December 23, 2020
The Government of India and the World Bank signed an agreement of US$ 500 million to develop green national highways in 4 states.
This will entail construction of 783 kms by integrating technology designs, industry by-products and bioengineering materials.
This project aims to provide efficient transportation and use of construction materials to save natural resources and lower any GHG.
It will strengthen the existing structures, and construct new pavements, improve drainage facilities and road safety features.
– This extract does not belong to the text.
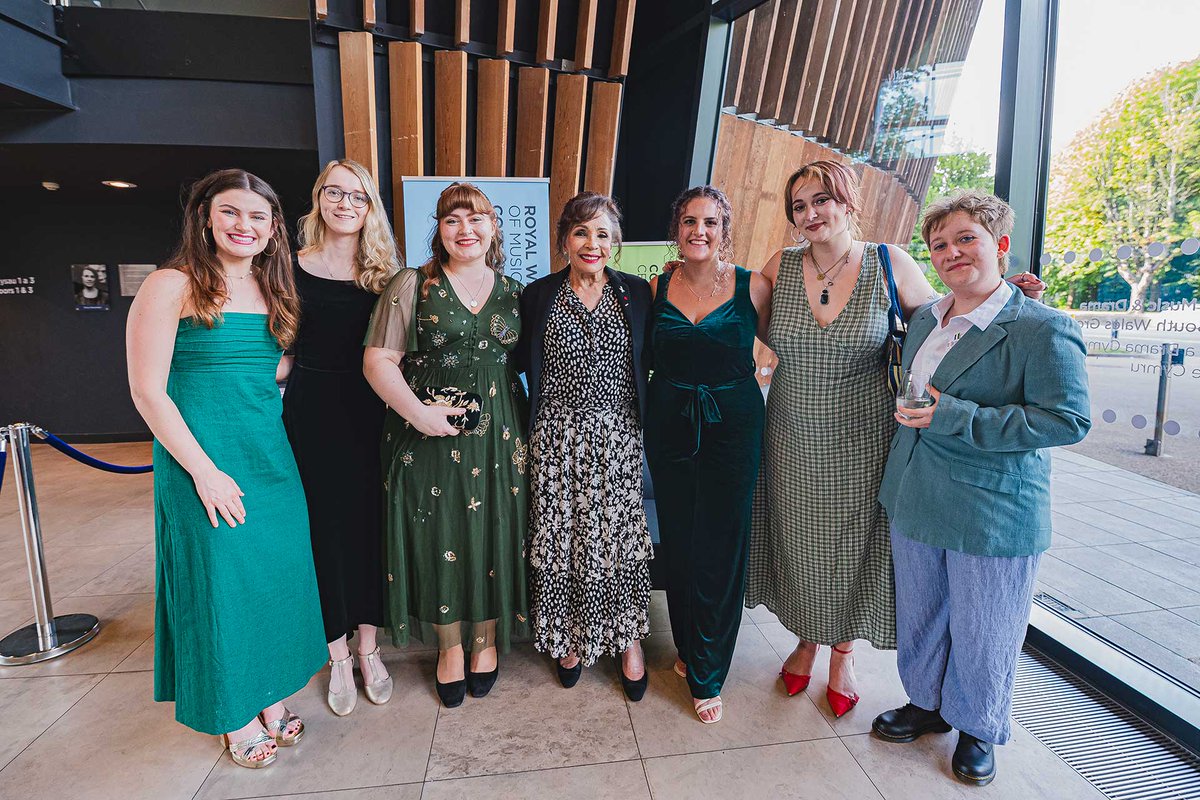 Last night our President Dame @ShirleyBassey joined us to celebrate what the College does best: nurturing possibilities, working with communities, transforming lives and training the next generation of creative leaders to be the artists they aspire to be.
With an objective of seamless connectivity and reduction in logistics cost, the Government of India, with the support of the Ministry of Road Transport and Highways (MoRTH) recently signed a US$ 500 million loan pact with the World Bank to develop safe green highway corridors for the states of Rajasthan, Andhra Pradesh, Himachal Pradesh, and Uttar Pradesh. Signatories present for this agreement were CS Mohapatra, Additional Secretary, Department of Economic Affairs and Sumila Gulyani, World Bank acting country director for India. The loan entails a tenor of 18.5 years and a 5-year grace period. This Green National Highways Corridors Project will entail the construction of 783kms of highways by integrating technology designs such as local and marginal materials, industrial by-products and other bioengineering materials. This highway project will provide efficient transportation to people in these four states, connect people and markets, and promote efficient use of construction materials and water to reduce the depletion of scarce natural resources and help lower greenhouse emissions (GHG).
To improve and strengthen the logistics performance, there have been several investments in the road sector infrastructure. These several infrastructure projects have provided immense employment opportunities, especially to women. This particular project supports the ministry’s aim regarding gender-related issues and helps in creating jobs for women by training women-led micro enterprises and women collectives to implement green technologies in the highway corridors.
Connectivity is a key element, where any nation’s economic growth and sustainable development is concerned. Around 40% of road traffic is carried by the National Highways of India. There are parts in these highways, that have inadequate capacity, weak drainage systems, and accident-prone spots. Projects such as these, will not only strengthen and expand the existing structures, but will also construct new pavements, improve drainage facilities, junctions, and road safety features. To ensure that the investments and construction in road infrastructure be resilient to climate change, disaster risk assessment of about 5,000 km of the National Highway network will also be done in project design and implementation.